One of the several reasons this storm was allowed to go undetected during critical times in its progression toward the coastline arose out of an unfortunate limit in the knowledge at the time about hurricanes themselves. Perhaps more appropriately, this hurricane also defied many conventions that guided the successful tracking of many hurricanes previous. In some ways, The Great Hurricane of 1938 provided-- only in retrospect, the necessary clues to decoding its path, and thus the potential track of another deadly storm.

It may be helpful, at this point, to examine the general ingredients for creating and maintaining a hurricane, some of which can be found here...

In the 1930s, forecasters had more tools to track a storm than they did to predict them. Barometers, thermometers, anemometers, and the like are only really useful for forecasting if a significant number of them are able to measure in hourly sync with each other. Meteorologists did not have satellites or radars at the time to constantly assess the movement of a storm. For all of tropical forecasting in times previous, there was no ability to see the steering currents in the atmosphere, which end up being critical to understanding the movement of the storms. But they did have experiential trends, copious logs of storms come by, to establish patterns and apply them to future storms. This becomes meaningless, however, the moment a storm with new intentions arrives.

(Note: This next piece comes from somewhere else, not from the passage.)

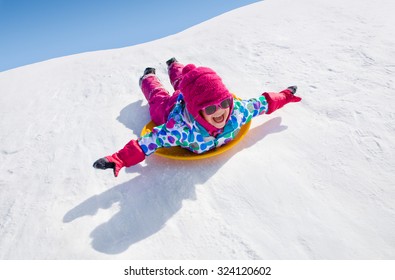 little girl riding on snow slides in winter time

In the late 1930s, forecasters started using weather balloons, to help them understand the forces at work thousands of feet overhead (Schwartz et al, 2007). The Weather Bureau, in October, 1938, officially adopted the term "radiosonde" to encapsulate this use of radioed weather information from instruments tied to a lofting balloon (Samuels, 1938). The weather observation deck atop Mount Washington, more than 6,000 feet above sea-level, was a source for constant updates about conditions aloft, if only for one location. Aircraft pilots could also make their own weather observations, but at the time, this was not too reliable, because no pilot was going to deliberately fly into a storm, and no measurement was going to be made at a regular frequency, location, or altitude.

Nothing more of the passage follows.